Николя заглянул в бумагу.
– Мы узнали, что сей офицер с 1770 года состоял на службе у Гайдара Али.
– Как, как? Мы такого не знаем.
– Гайдар Али, сударь, являлся генералом армии раджи Майсура, но потом он сверг раджу. С помощью французских офицеров он создал конфедерацию вождей маратхи, выступивших против англичан. Интересующий нас человек попал в засаду, все его товарищи были убиты. Спасся он один. Несколько лет он пробыл в плену, но потом ему удалось бежать и добраться до нашей фактории в Пондишери. Никто раньше его не видел, а следовательно, никто не мог его узнать. Он вернулся во Францию, где узнал, что его род угас. Я сумел найти медальон, где сохранился его портрет в молодости. А теперь я вам расскажу другую историю.
– Почему, почему? Этак мы совсем далеко уйдем!
– Эта история приведет нас во Францию. Один человек выдает себя за другого, узурпирует его имя, звания, титулы. Но хуже всего, что ему удается обрести поддержку и помощь целого круга людей, которые, пребывая в тени трона, потакают собственным амбициям и плетут заговоры, пользуясь неопытностью короля и возвращением парламентов. Круга, который безосновательно или нет, изо всех сил противится реформам генерального контролера. Ловкость позволяет нашему человеку занять место подле одного из министров, и даже более того, место в одной из недавно созданных служб, предназначенной для противодействия проискам держав, ведущих политику, враждебную Франции. Когда этот круг узнает о моей миссии в Вене, он решает, что за мной необходимо проследить и воспрепятствовать моим поискам. Документ, обнаруженный у аббата Жоржеля, доказывал, что аббат вступил в переписку с этими лицами, а также состоял в сговоре с неким офицером, которого придали мне, чтобы, так сказать, защищать меня!
Сартин резко встал.
– Вы часто переходили границы, сударь, но теперь дерзость ваша стала нестерпимой! Ушам своим не верю! Вы полагаете, что я намеренно поместил шевалье де Ластира…

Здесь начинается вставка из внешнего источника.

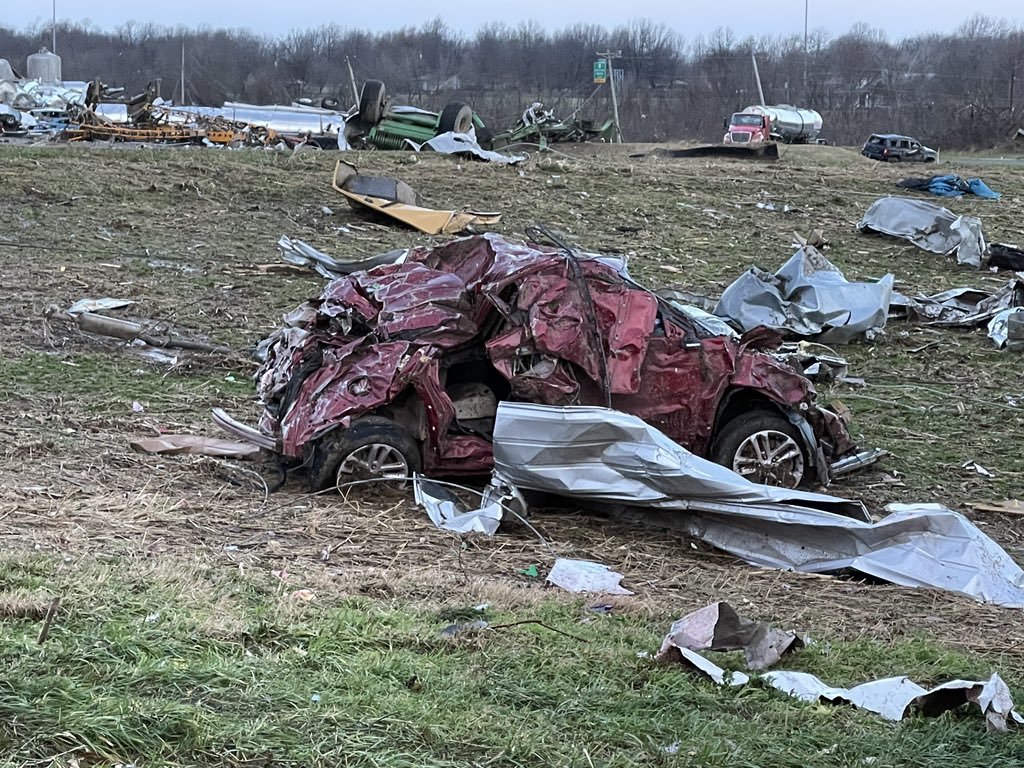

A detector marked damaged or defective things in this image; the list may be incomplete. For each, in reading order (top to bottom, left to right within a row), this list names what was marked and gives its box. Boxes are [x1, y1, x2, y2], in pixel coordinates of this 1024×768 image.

crumpled metal sheet [415, 132, 528, 165]
crumpled metal sheet [280, 237, 411, 282]
crumpled metal sheet [716, 246, 892, 342]
crumpled metal sheet [860, 196, 987, 268]
mangled car body [230, 231, 856, 493]
destroyed red car [228, 231, 860, 489]
crumpled metal sheet [487, 403, 1024, 606]
crumpled metal sheet [544, 561, 630, 598]
crumpled metal sheet [655, 606, 798, 671]
crumpled metal sheet [765, 671, 1019, 729]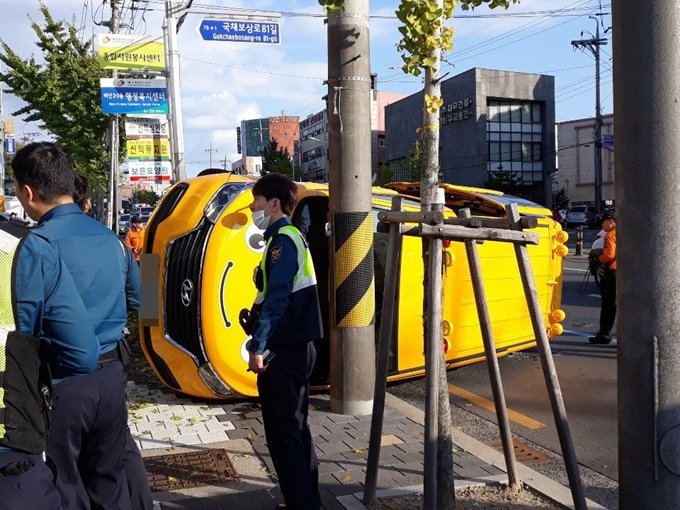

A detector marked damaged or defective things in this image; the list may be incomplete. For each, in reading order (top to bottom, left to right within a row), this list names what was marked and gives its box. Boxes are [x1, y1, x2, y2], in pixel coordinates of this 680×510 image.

overturned yellow van [139, 173, 568, 400]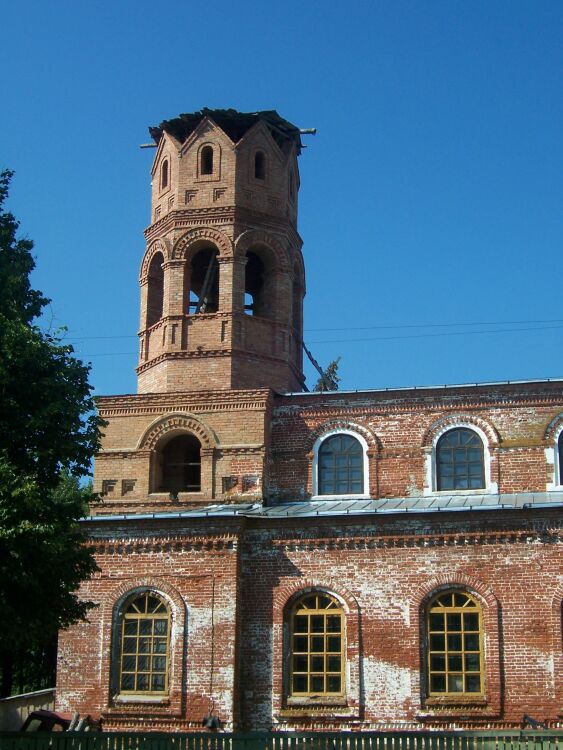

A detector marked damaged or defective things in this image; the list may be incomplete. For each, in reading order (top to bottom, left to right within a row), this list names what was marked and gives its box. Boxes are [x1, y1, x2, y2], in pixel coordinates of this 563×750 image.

damaged bell tower [137, 111, 306, 396]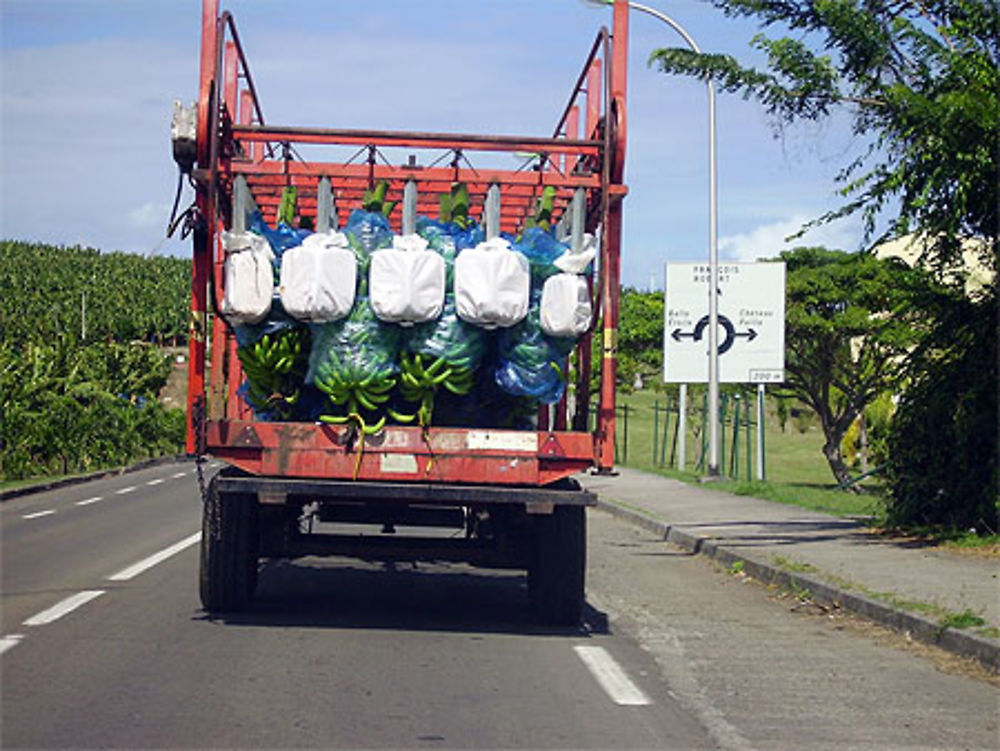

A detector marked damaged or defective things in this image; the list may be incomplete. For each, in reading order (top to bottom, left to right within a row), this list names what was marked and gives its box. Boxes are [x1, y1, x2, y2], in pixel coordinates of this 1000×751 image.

rusty metal frame [184, 0, 628, 488]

– Кто мог такое подумать, сударь? Как бы неприятно ни было, но вами, как и мной, злоупотребили и обоих сделали жертвами.
– Как это, как это? – воскликнул Ла Врийер. – Сударь, вы слышите, какие серьезные обвинения выдвинуты против вас? Что вы на это скажете?
Шевалье пожал плечами.
– А что я могу ответить на рассуждения безумца? Наверное, господин Ле Флок забыл, что я спас ему жизнь.
– Совершенно верно! – воскликнул Сартин. – Только что вы благодарили его за это.
– Истина, увы, выглядит несколько иначе. Я долго размышлял над тем нападением. Если шевалье спас меня, значит, постановка сцены требовала ввести меня в заблуждение.
– Доказательства! Доказательства!
– Пока лишь предположения, но доказательства не замедлят появиться. Нам придется снова вернуться назад. По пути из Парижа в Вену так называемый шевалье рассказывал о кампаниях, в которых он участвовал. Наверное, он упомянул Индию, скажете вы? Нет, он говорил только о сражениях в Германии. Но однажды в разгар беседы, когда он пытался вычислить курс обмена денежных единиц в Священной Римской империи, он заговорил об аннах, медных и серебряных монетах, имеющих хождение в Индии. И я прекрасно помню, как он заявил мне, что было время, когда он носил тюрбан. Тогда я решил, что он побывал с миссией при дворе великого султана. Кстати, как вы думаете, где я нашел медальон с портретом Энефьянса? В одном из сундуков, что стояли в доме на улице Вандом. И есть еще кое-что…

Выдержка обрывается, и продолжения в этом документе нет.